The present text exposes the weaknesses of the Ecuadorian Constitution, which have resulted in the mere transfer of the social conflicts among governments, oil companies, and indigenous peoples to the legal arena. Once the indigenous peoples resorted to legal strategies to defend themselves from the “public relations programs” through the courts, the Ecuadorian government, sponsored by the World Bank, elaborated and decreed regulations, tending to keep the order previously established by the oil companies in the above-mentioned programs.
Even though relations between indigenous peoples and oil companies are only a part of the extractive industry’s problems in the Amazonian region, their dynamics include global players and illustrate some of the challenges in the build-up of the multi-cultural State conceived in the Ecuadorian Constitution.
Ecuador: Country of the Amazon
In a territory of 274,780 km2, Ecuador’s population of 12 million is distributed in four regions: Amazonian (to the West), Sierra, Costa, and Galápagos.
Information regarding the percentage of the indigenous population varies according to different sources. Several polls, using different “ethnic identification” criteria, have offered data ranging from 25 to 40%. Some more recent studies state that the percentage is 35%.1 Indigenous populations belong to 12 different nationalities which, besides Spanish, speak 11 different languages and are organized in a politically representative network at different levels: local, regional and national. The biggest and most representative national organization is the Confederation of Indigenous Nationalities of Ecuador (CONAIE).
The Amazonian region in Ecuador, with its low demographic density, spreads over 130,000 km2, which represents almost half the geographical surface of the country. Most of the inhabitants belong to the Cofán, Secoya, Siona, Huaorani, Eastern Kichwa, Shuar, Achuar, Shiwiar and Zapara nationalities.
The communities are organized into centers and associations which, in turn, constitute federations. Most of these organizations, at a regional level, are represented by the Confederation of Indigenous Nationalities of the Ecuadorian Amazon – CONFENIAE, affiliated with CONAIE.

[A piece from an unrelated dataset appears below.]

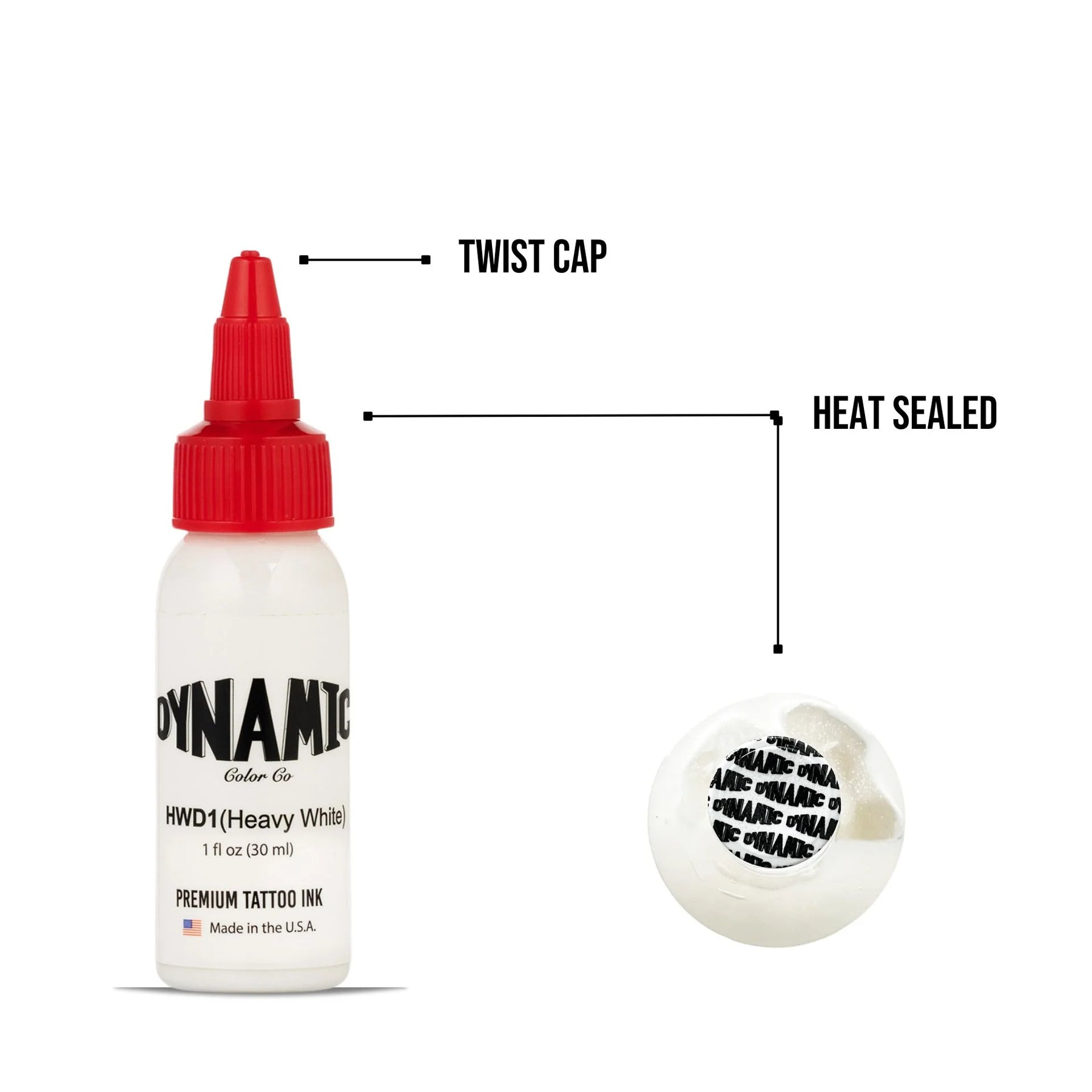Dynamic Heavy White Tattoo Ink — Pick Size - Ultimate Tattoo Supply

Since the seventies, and after an unsuccessful proposal of agrarian reform, the Amazonian region was gradually colonized, one of its objectives having been to make it safer for oil exploitation.

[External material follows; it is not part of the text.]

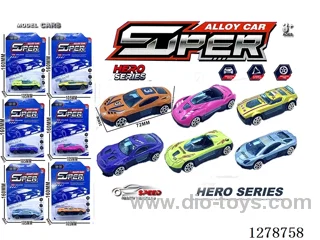 free wheel alloy car 6PCS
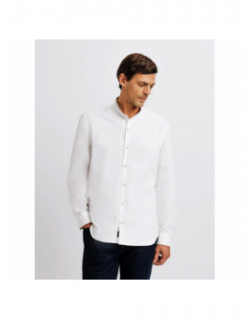 Chemise manches longues kyvo blanc homme - Izac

Ecuador: An oil-producing country
The Ecuadorian economy depends largely on extraction of oil, whose reserves are mainly located in the Amazonian region. In 2000, income from oil exports represented 41.7% of the total Ecuadorian budget. The price increase of oil multiplies this figure.2 The first company to operate in Ecuador was Shell, during the thirties. After looking for large reserves unsuccessfully in the Amazonian region, it left and moved to the Coast.
Over 30 years later, Texaco discovered crude oil in the northern Amazonian region and operated there for 25 years. It is calculated that such operation caused deforestation of 700,000 to 800,000 hectares, and spilled around 300,000 barrels of crude oil, as well as causing several other ecological disasters in the area.3 These problems still exist and are aggravated day by day, due to the activities of Petroecuador4 , which operates with the obsolete equipment inherited from Texaco in 1992.5 The impact of Texaco and Petroecuador affects indigenous peoples and settlers who have moved to the region, encouraged by promises of work and government incentives.6
The central region is affected both environmentally and socially by more modern contracts, such as the concessions in Kichwa territory, including Sarayaku, but their effects cannot be compared to what Texaco caused in the North. The Southern region, mainly inhabited by the Shuar and Achuar peoples, still resists the beginning of oil activity, in spite of the huge pressure exerted by the companies and the government.
Ecuador: A multi-cultural country
During the 80’s, the Amazonian indigenous peoples consolidated organizational groups, which they formed with the support of religious missions. In 1986, they created the Confederation of Indigenous Nationalities of the Ecuadorian Amazon- CONFENIAE, through which they began to express their political claims on land, environment, health, and culture. During the same decade, the CONAIE grew to become a national movement, gradually imposing the indigenous agenda on government decisions.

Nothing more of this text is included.